Bahkan garis yang spontan melengkung di bibir tipisnya acapkali Kise memanggil nama itu pun sudah sirna, diburamkan oleh presensi kabel-kabel yang tidak terlalu Kise pahami, hanya ia tahu kalau mereka sangat menunjang laju napas Kuroko.

Aneh, ruangan itu terlalu dingin. Pijakan kaki Kise tidak semantap miliknya di atas lantai studio tempat ia biasa mengekspresikan dirinya sebagai model. Melihat keadaan Kuroko saat ini membuatnya ingin… terjatuh.

Jadi ia mengeratkan genggamannya pada rangkaian bunga matahari yang nantinya akan ia pindahkan ke dalam vas, berharap itu cukup untuk menjadi topangannya saat ini.

Sebab Kise tahu benar apa yang diselipkan dalam doa-doanya saat terbangun di awal hari.

Sebab Kise tahu benar apa yang dibisikkan Aomine di malam transisi bulan Desember dengan bulan Januari.

Sebab Kise tahu benar apa yang ia catat dalam nomor pertama sesuatu yang ia sebut resolusi.


Mata itu lelah.

Aomine dapat mengetahuinya hanya dengan satu kali lirikan.
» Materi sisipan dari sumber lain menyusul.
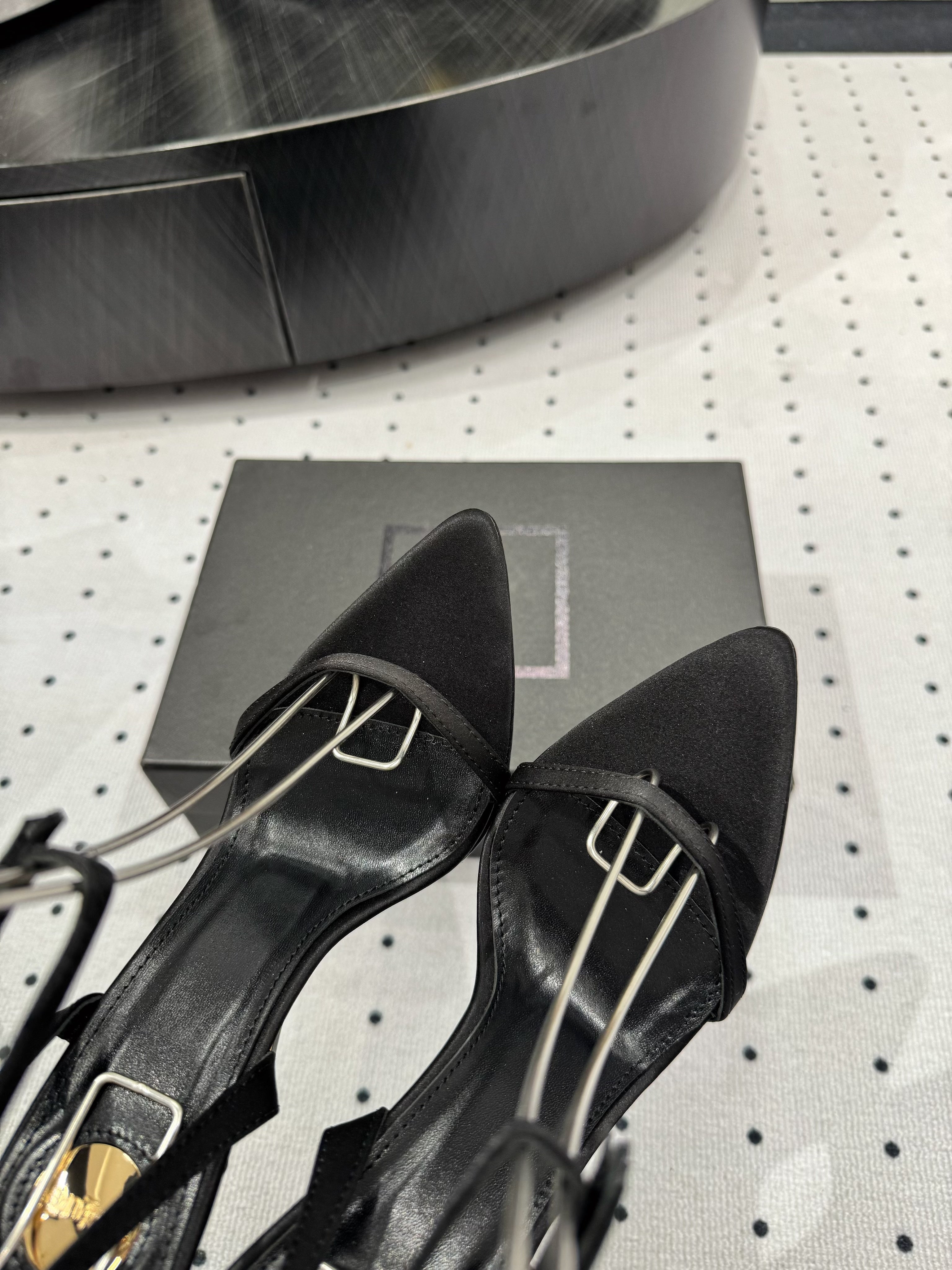 YSL 26S METAL-CAPPED WEDGE HEELS 105 MM IN BLACK SATIN
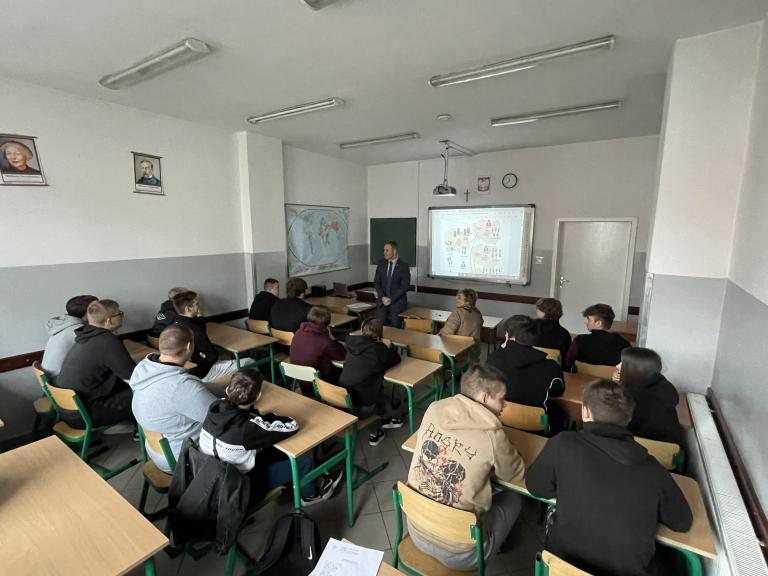 Spotkanie Burmistrza z uczestnikami kościańskiego Hufca Pracy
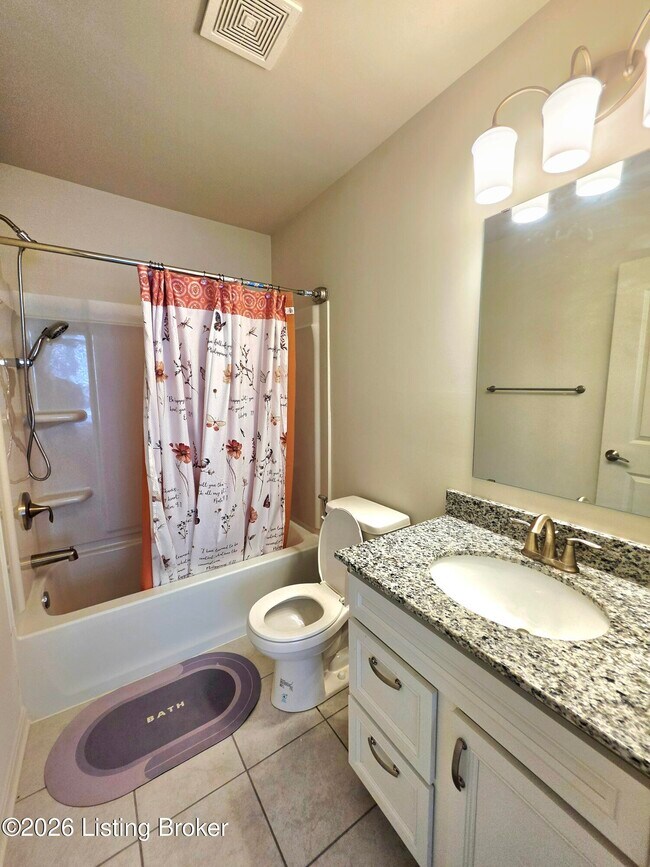 Building Photo - 17505 Shakes Creek Dr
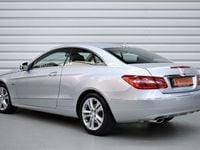 Gebraucht Mercedes E200 Elegance 184 PS (135 kW) 2010 Silber Coupé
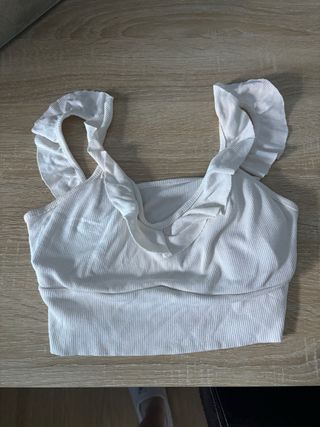 Top blanco con volantes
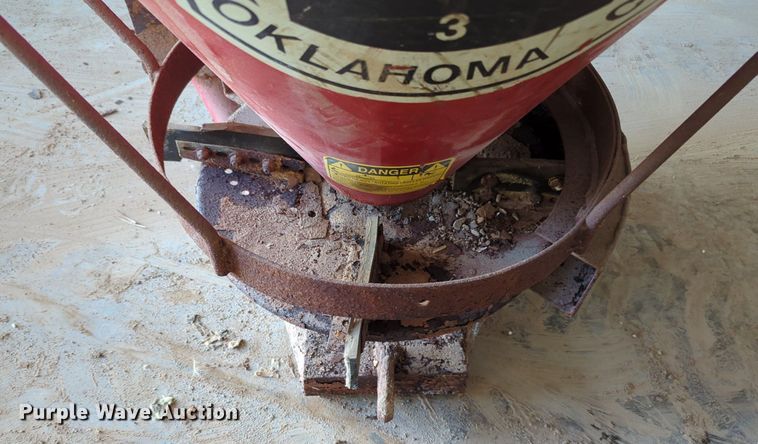 image for item MY9861 Cosmo 180  spreader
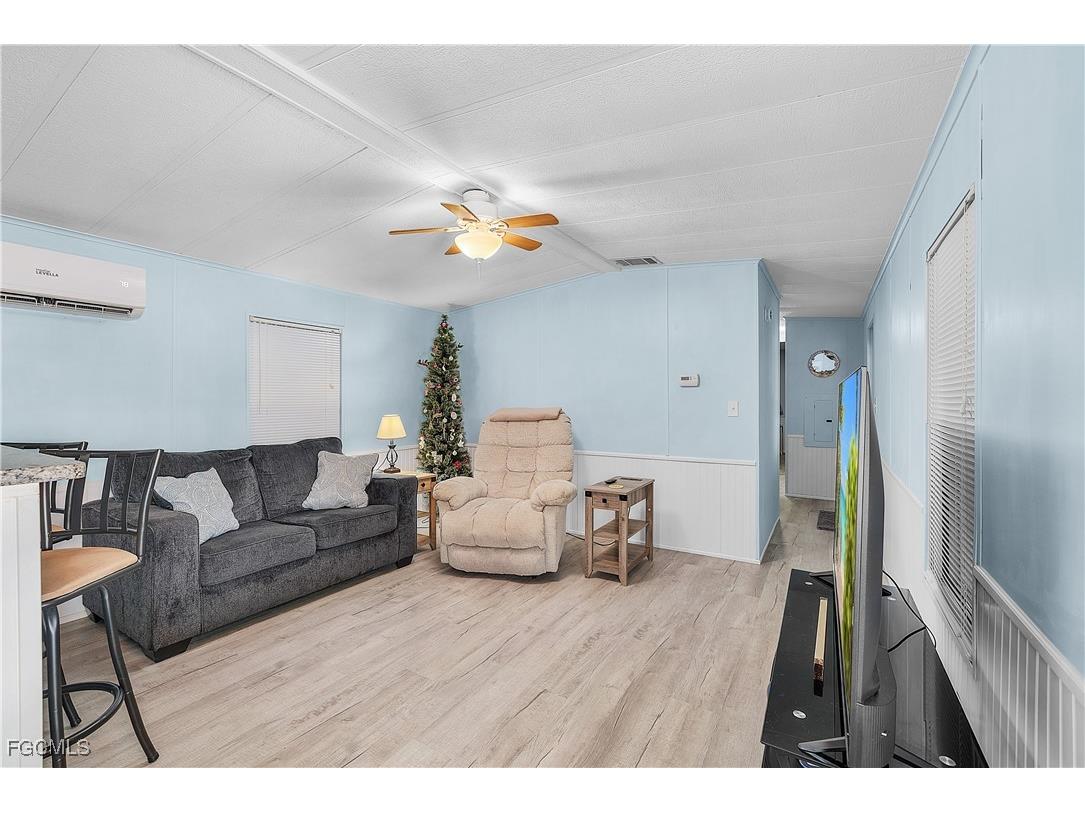 7186 Ladyfish Drive Saint James City FL 33956 2025013800 image9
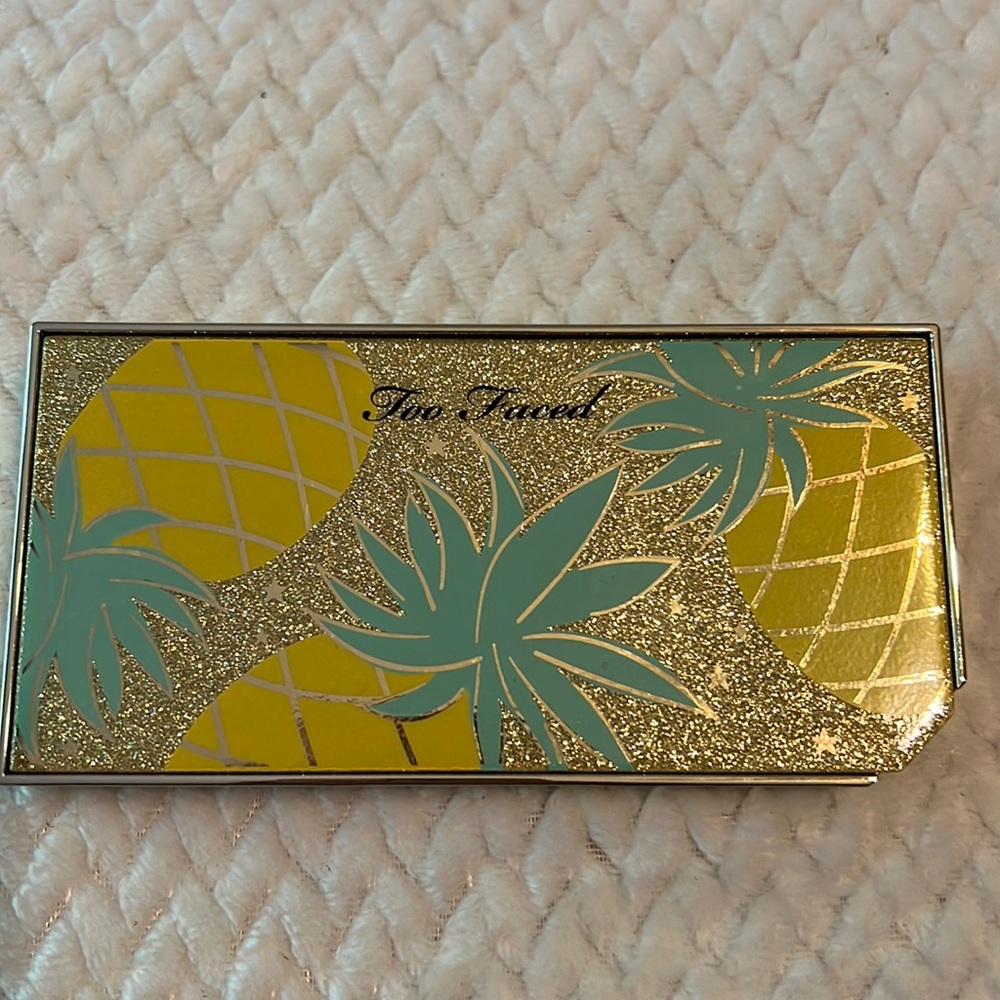 Too faced sparkling pineapple eye shadow palette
Berniat untuk bertanya, tetapi yang spontan keluar dari lisannya adalah, "Tumben kau tidak memesan kopi."

Kise, dengan vanilla milkshake yang tersaji di hadapannya hanya menarik sudut bibirnya dan menjawab dengan santai, "Sepertinya asam lambungku mulai sering kambuh-ssu."

Oh. Tetapi yang Aomine simpulkan di dalam batinnya adalah : Tetsu.
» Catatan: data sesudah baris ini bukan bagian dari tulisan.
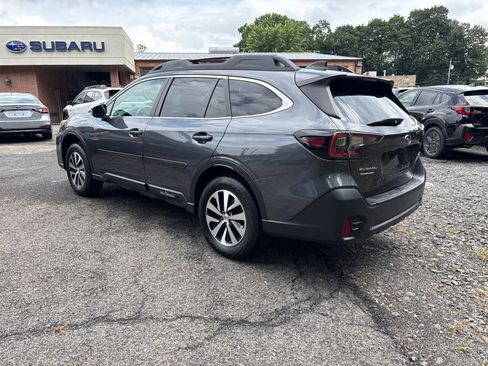 Used 2022 Subaru Outback Premium AWD/4WD image 5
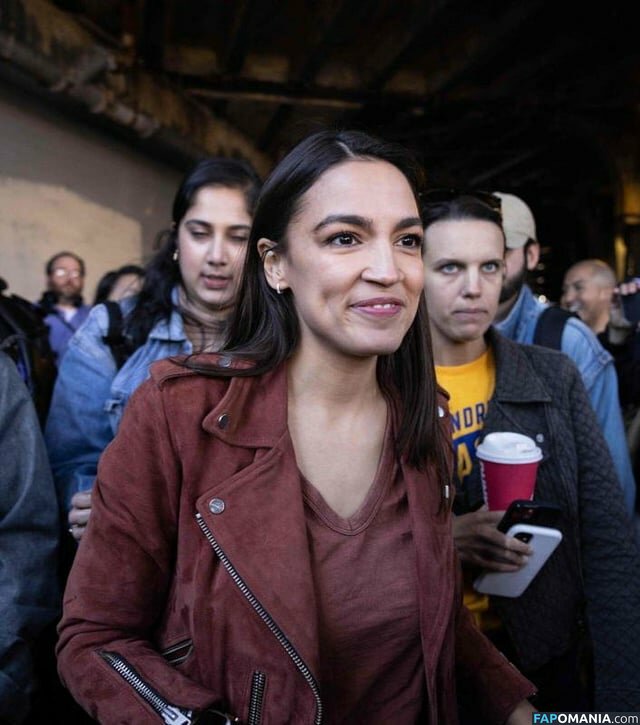 AOC / Alexandria Ocasio-Cortez Nud OnlyFans  Fotografie scursă #158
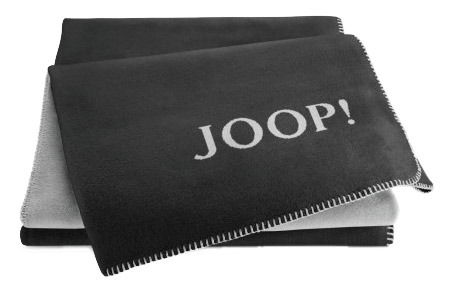 Schwarze und graue Doubleface-Decke mit 'JOOP!' Schriftzug, aus einer leicht erhöhten Perspektive fotografiert.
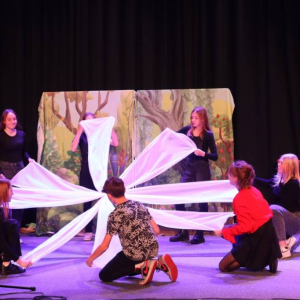 pokaż obrazek - Występ grupy teatralnej
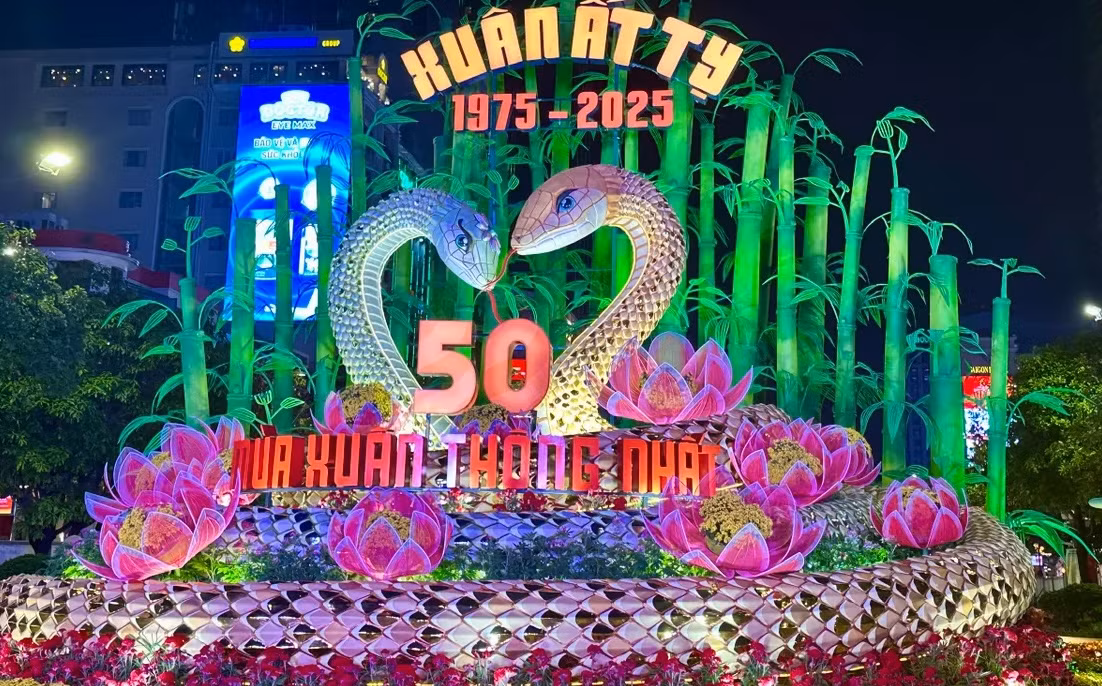 Tiểu cảnh "Mùa Xuân thống nhất" tại Đường hoa Nguyễn Huệ Tết Ất Tỵ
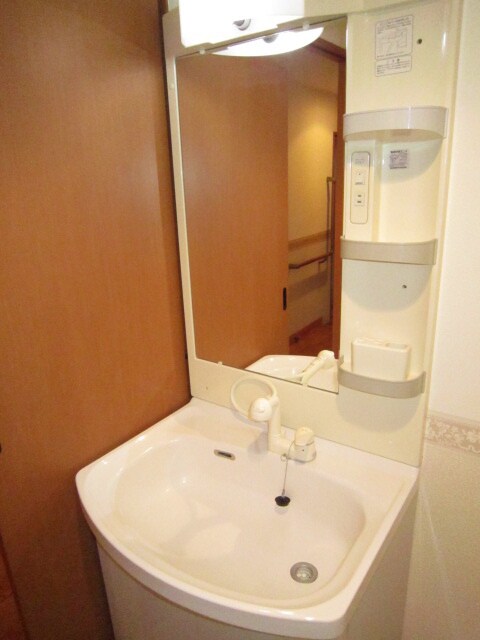 物件内観写真16　(洗面)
"Kau tidak ingin memesan sesuatu, Aominecchi?"

Sebenarnya Aomine malas untuk memesan, jadilah secangkir cappuccino hangat menjadi pilihannya. Setidaknya itulah yang terlintas di matanya pertama kali saat ia melihat daftar menu.

"Che. Mengabaikan jadwal makanmu seperti itu. Kau terlalu sibuk, Kise." Gerutuan Aomine terputus ketika pesanannya datang. "Atau sok sibuk."

Aomine mengharapkan sesuatu yang bernada protes, yang khas Kise, sebagai balasan. Namun, bukan itu yang ia dapatkan.

"Kurokocchi 'kan… punya jadwal operasi lagi minggu depan."

Keterkejutan itu menyerang Aomine dengan telak.

Resah. Ditatapnya buih-buih berwarna putih semi cokelat muda—lebih muda dari cairan yang dikelilinginya—dengan benak yang dipenuhi benang imajiner tak tertata.

"Kalau demi Kurokocchi, aku mau melakukan apa saja-ssu."

Kau juga 'kan, Aominecchi?

Kise bertanya, dan ia rasa jawabannya tak perlu diberikan oleh Aomine.


Aomine ingin mengingat kapan terakhir kali ia menangis.

Namun ketika ia melakukannya, ingatannya langsung terarah ke masa ketika ia hidup dan tumbuh bersama warna-warna pelangi yang menakjubkan.

Adalah sebuah rumah mungil nan indah yang ditinggali enam orang bocah laki-laki dengan warna-warna rambut yang tidak biasa, namun secara tidak langsung menjadi keunikan mereka. Bertujuh, sebenarnya, bersama pria paruh baya bernama Shuuzou Nijimura yang begitu besar kemurahan hatinya, dengan tulus memberikan mereka makanan dan tempat tinggal.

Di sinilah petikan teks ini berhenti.